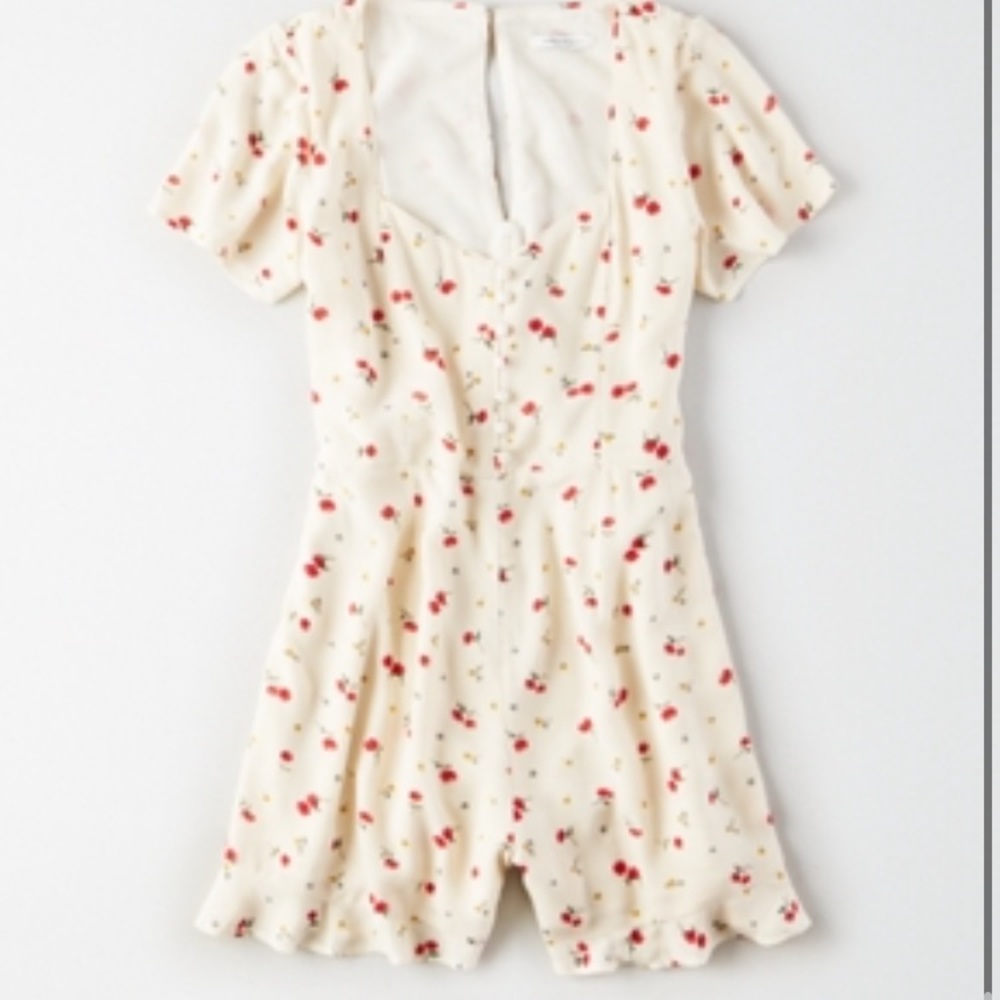 American Eagle tie waist romper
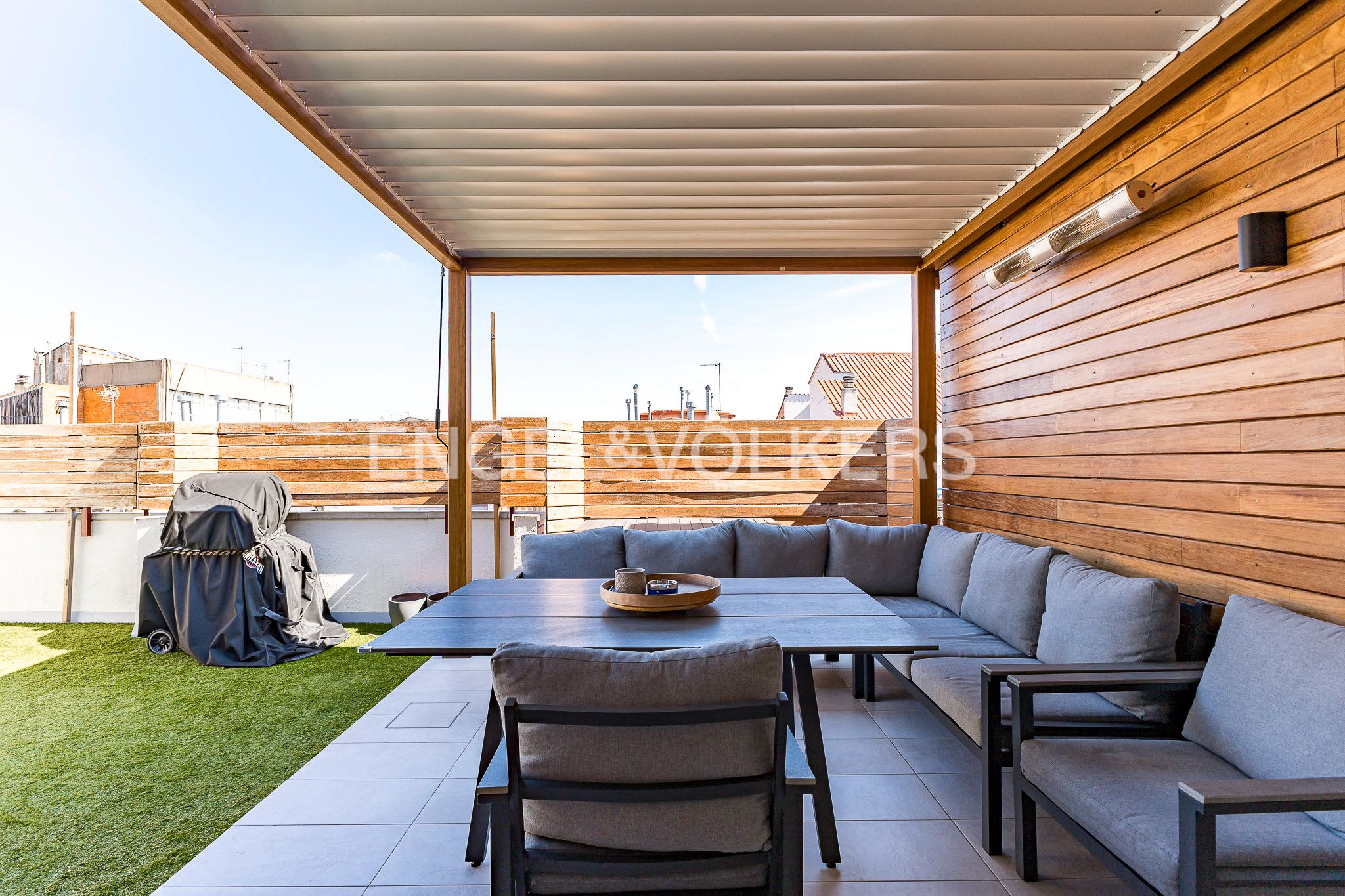 Terraza de Ático en venta en  Barcelona Capital con Aire acondicionado, Calefacción y Jardín privado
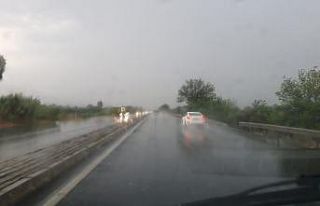 Kuyucak’da sağanak yağış etkili oldu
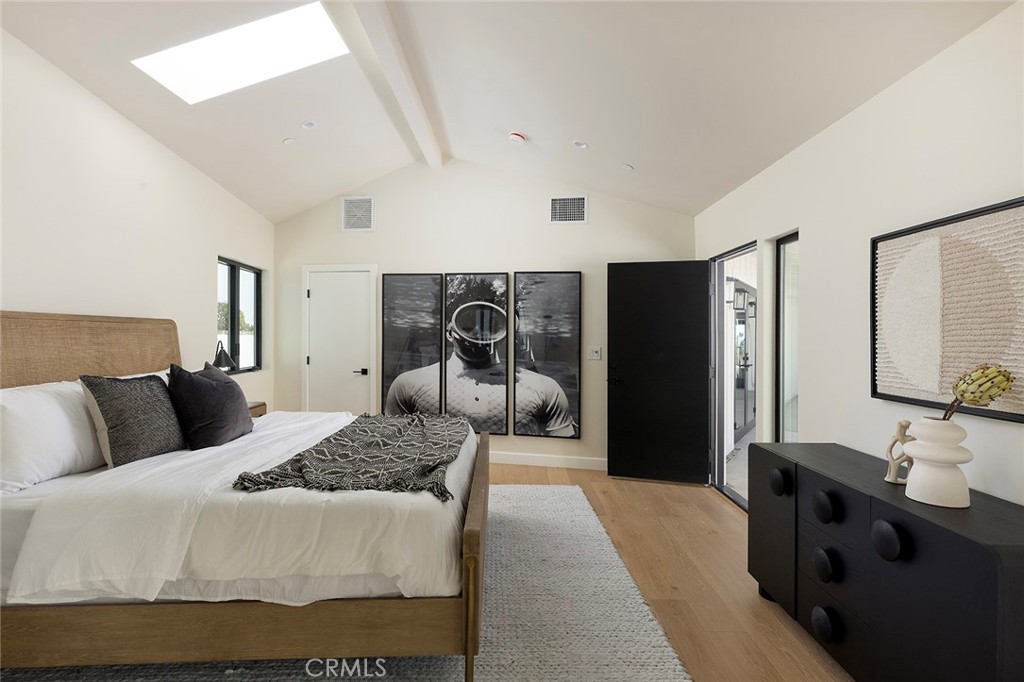 149 Avenida De La Paz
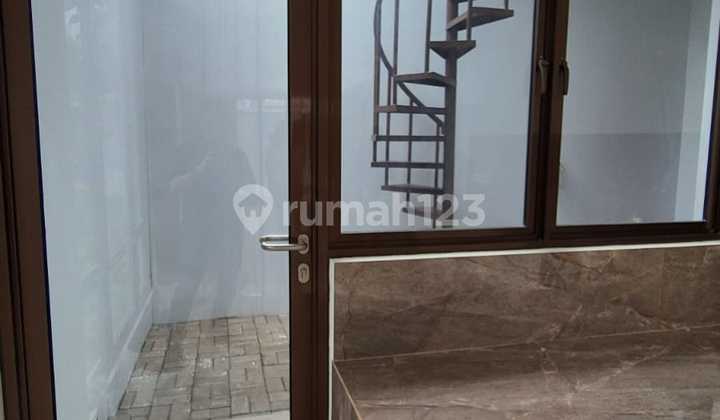Rumah Hook Siap Huni Di Cluster Nara, Gading Serpong 2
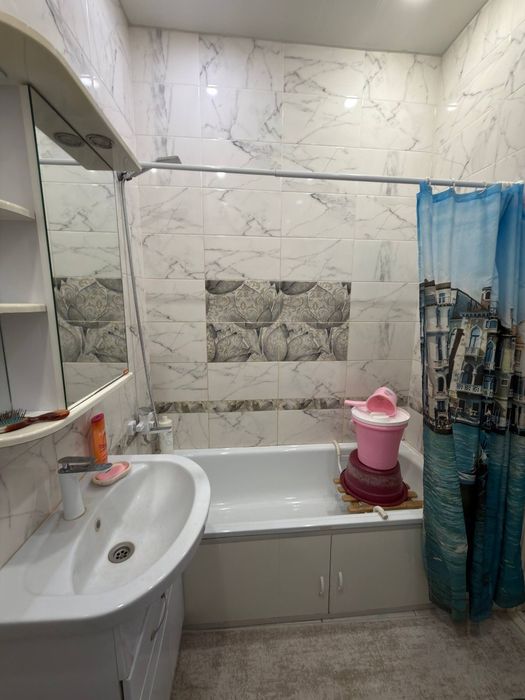 Продам 2 комнатную квартиру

........

* Goal of the exercise *
Write out, word for word, the lines running from the one containing "Terraza de Ático" to the end of the data above; the pictures are to be left out.

* Solution to this exercise *
 Terraza de Ático en venta en  Barcelona Capital con Aire acondicionado, Calefacción y Jardín privado
 Kuyucak’da sağanak yağış etkili oldu
 149 Avenida De La Paz
Rumah Hook Siap Huni Di Cluster Nara, Gading Serpong 2
 Продам 2 комнатную квартиру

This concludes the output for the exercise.